But why is ~/.ubuntuone/Purchased from Ubuntu One the problem here, I can't tell.

summary: - Can't sync folders with non-ASCII names
+ Can't sync folders with non-ASCII names (valid UTF-8)
Roman Yepishev (rye) on 2010-04-27
summary: - Can't sync folders with non-ASCII names (valid UTF-8)
+ Can't create UDF with non-ASCII names (valid UTF-8)
Rick McBride (rmcbride) wrote :

Chinese and Japanese characters works fine. This must be a subset of valid UTF-8 characters causing the issue.
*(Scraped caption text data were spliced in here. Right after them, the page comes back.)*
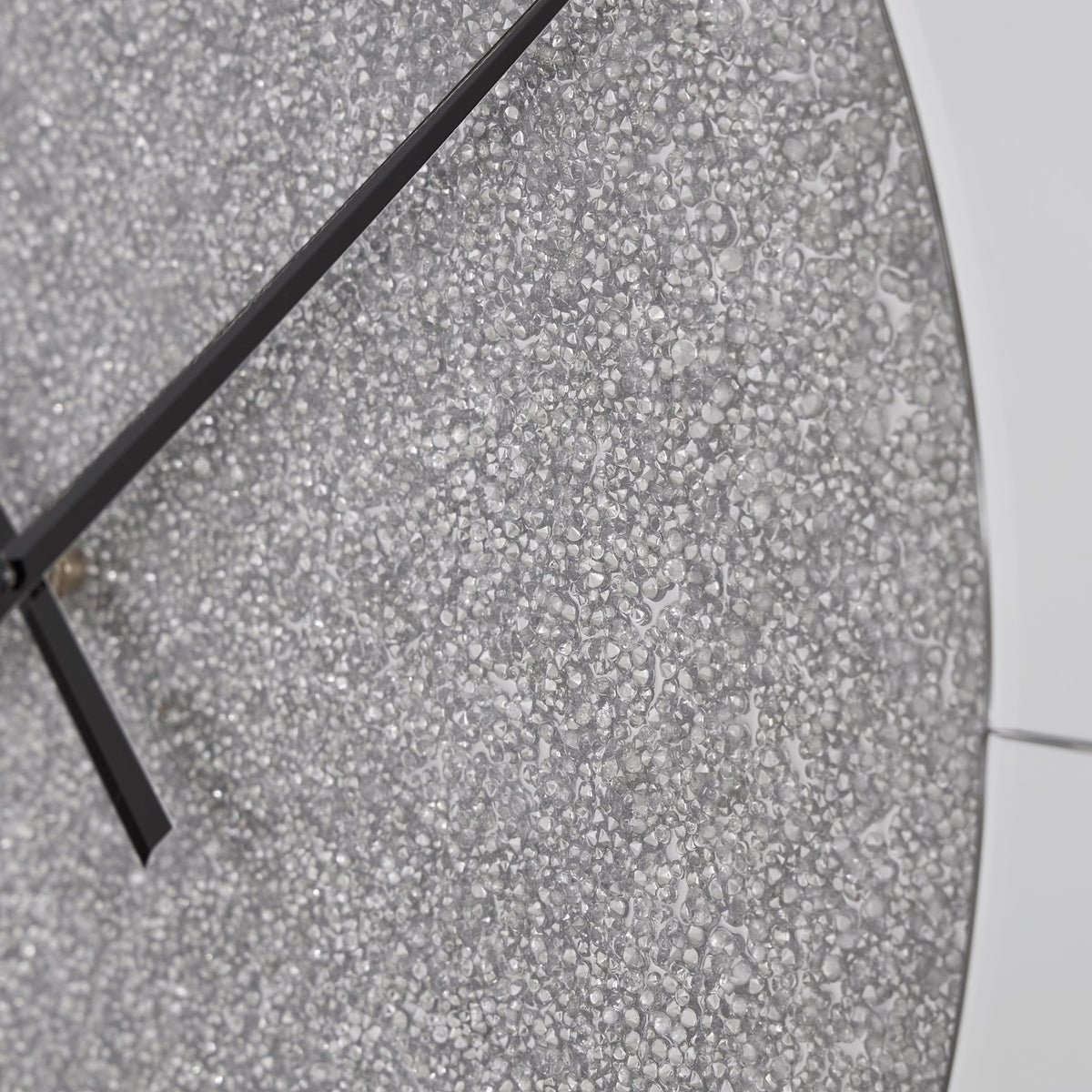 Ashley Furniture Reinport wall clock with a sleek round design and modern numerals, hanging on a neutral-toned wall.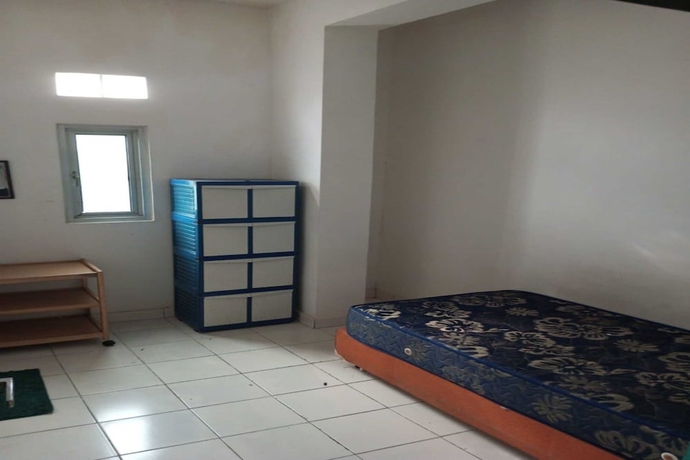 Imagen de la habitación del Hotel OYO 93722 Shannhay Guest House Syariah. Foto 10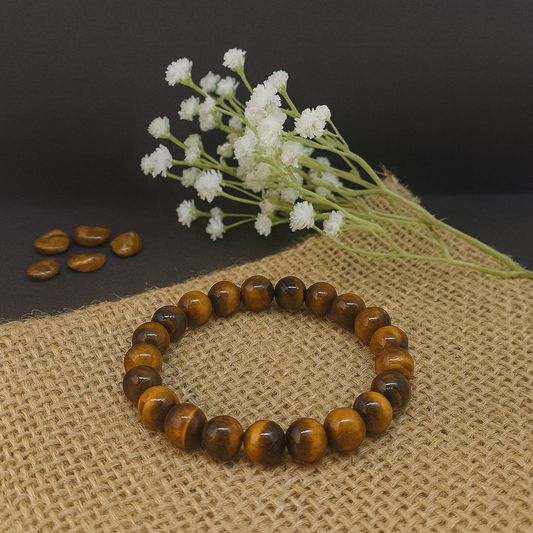 Brown beaded bracelet on a textured surface with white flowers in the background
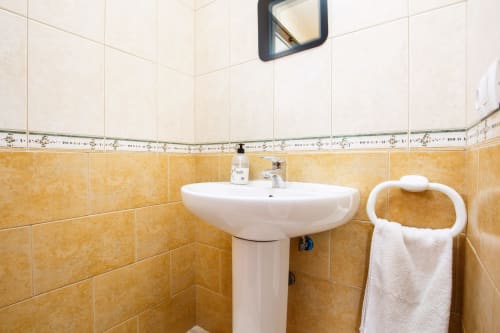 Clean bathroom with pedestal sink, gold tile, white towel rack, and mirror in Casa Reguera villa at FTV Holidays Homes,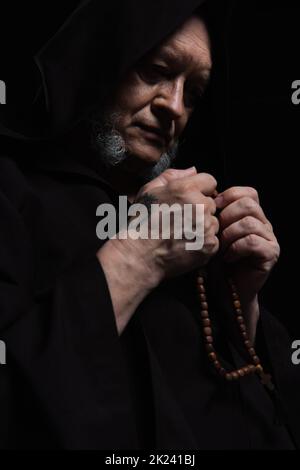 Senior tätowierten Mönch in Kapuze gehalten Rosenkranz während beten isoliert auf schwarzem, Stock Bild Stockfoto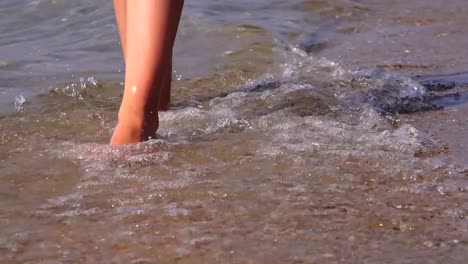 Beautiful-female-feet-walking-along-the-sea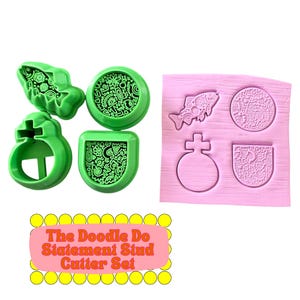 May include: A set of three green plastic clay cutters and a pink silicone mold featuring a fish, a circular shape, and a shield shape, all with intricate doodle patterns. The text "The Doodle Do Statement Stud Cutter Set" is printed below.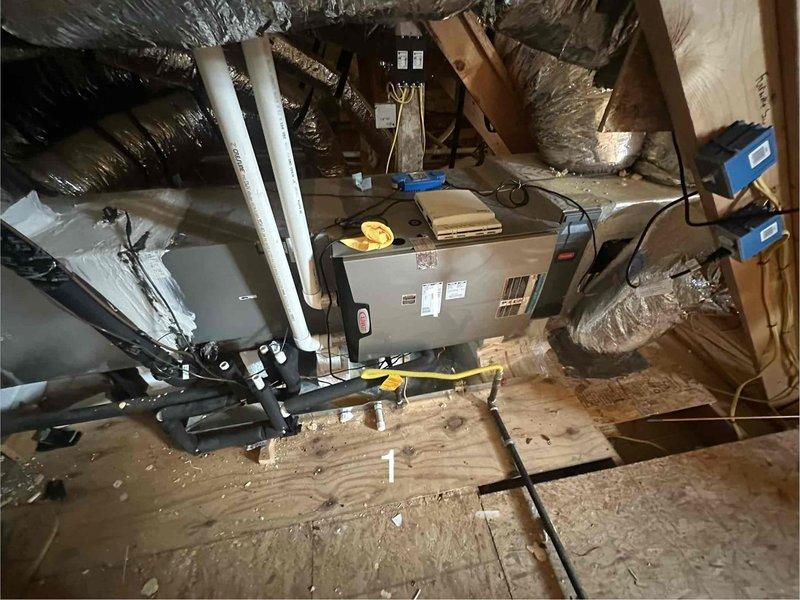 Performed a member maintenance inspection on two attic-mounted split systems, including inspection of the air handler, condensate drain lines, refrigerant line sets, and gas connection. Replaced the main filters as requested by the homeowner and verified system operation. Noted rust and corrosion on the galvanized duct collars at the underside of the supply plenum, which should be monitored or repaired to prevent air leakage and further deterioration.
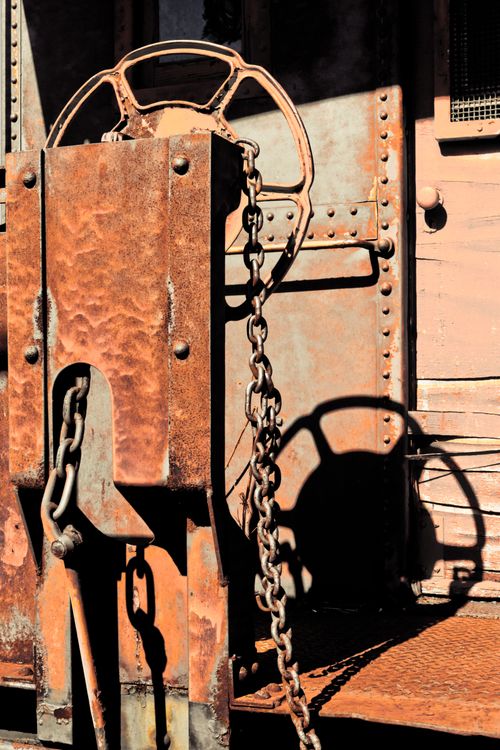 Free Close-up of a rusty chain and steering wheel with dramatic light and shadow in an industrial setting. Stock Photo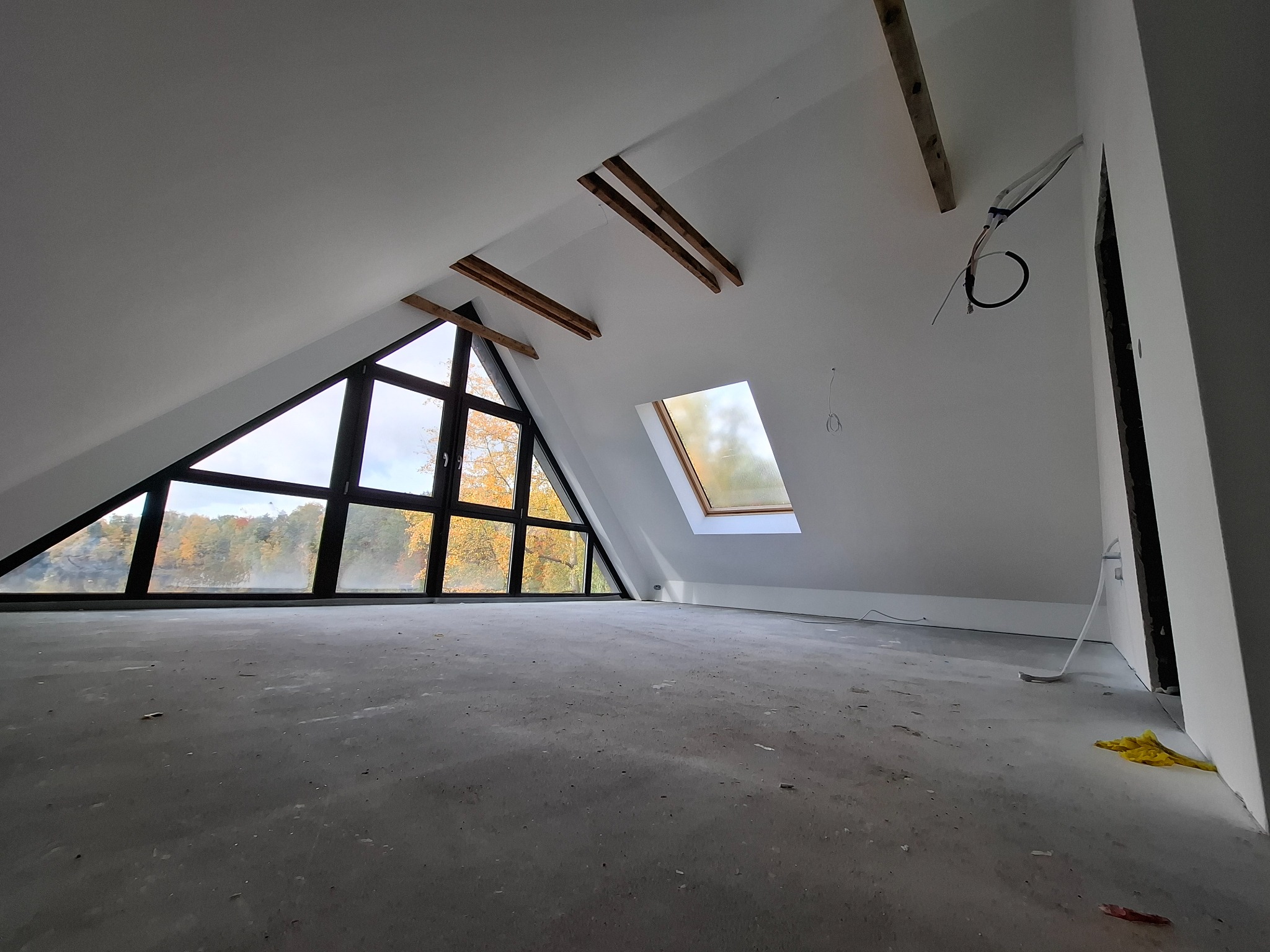 Poddasze w trakcie prac wykończeniowych, widoczne okno trójkątne z widokiem na jesienne drzewa, okno dachowe, surowe drewniane belki i przewody elektryczne.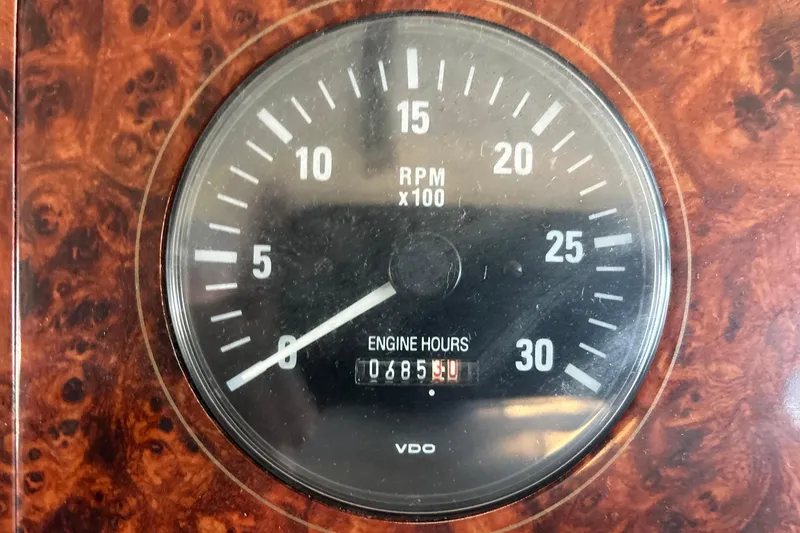 Slide: The Image of Tachometer of 1998 Bayliner 5788 Pilot House Motoryacht showing RPM and engine hours. - 37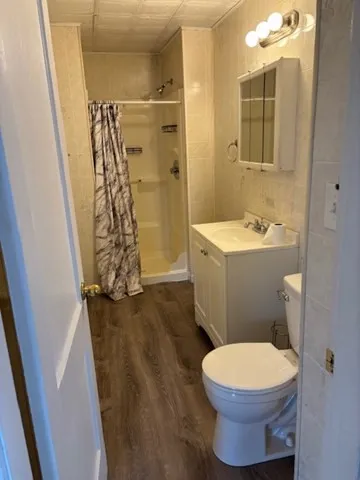 a bathroom with a toilet and a shower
Roman Yepishev (rye) on 2010-04-27
Changed in ubuntuone-client (Ubuntu):
assignee: nobody → Roman Yepishev (rye)
Roman Yepishev (rye) wrote :

First item to fix is the udf name decoding in AQ:

CreateUDF.__init__:
# XXX Unicode boundary?
self.name = name.decode('utf8')

However after this is applied the UDF is created on the server properly but notification about new UDF fails with:

2010-04-29 11:21:48,741 - ubuntuone.SyncDaemon.EQ - ERROR - Error encountered wh
ile handling: VM_UDF_CREATED in <ubuntuone.syncdaemon.dbus_interface.EventListen
er object at 0xabcb9ac>
Traceback (most recent call last):
  File "/usr/lib/python2.6/dist-packages/ubuntuone/syncdaemon/event_queue.py", line 794, in _dispatch
    method(*args, **kwargs)
  File "/usr/lib/python2.6/dist-packages/ubuntuone/syncdaemon/dbus_interface.py", line 640, in handle_VM_UDF_CREATED
    self.dbus_iface.folders.emit_folder_created(udf)
  File "/usr/lib/python2.6/dist-packages/ubuntuone/syncdaemon/dbus_interface.py", line 1322, in emit_folder_created
    udf_dict = self._get_udf_dict(folder)
  File "/usr/lib/python2.6/dist-packages/ubuntuone/syncdaemon/dbus_interface.py", line 1250, in _get_udf_dict
    udf_dict[unicode(k)] = unicode(v)
UnicodeDecodeError: 'ascii' codec can't decode byte 0xd0 in position 2: ordinal not in range(128)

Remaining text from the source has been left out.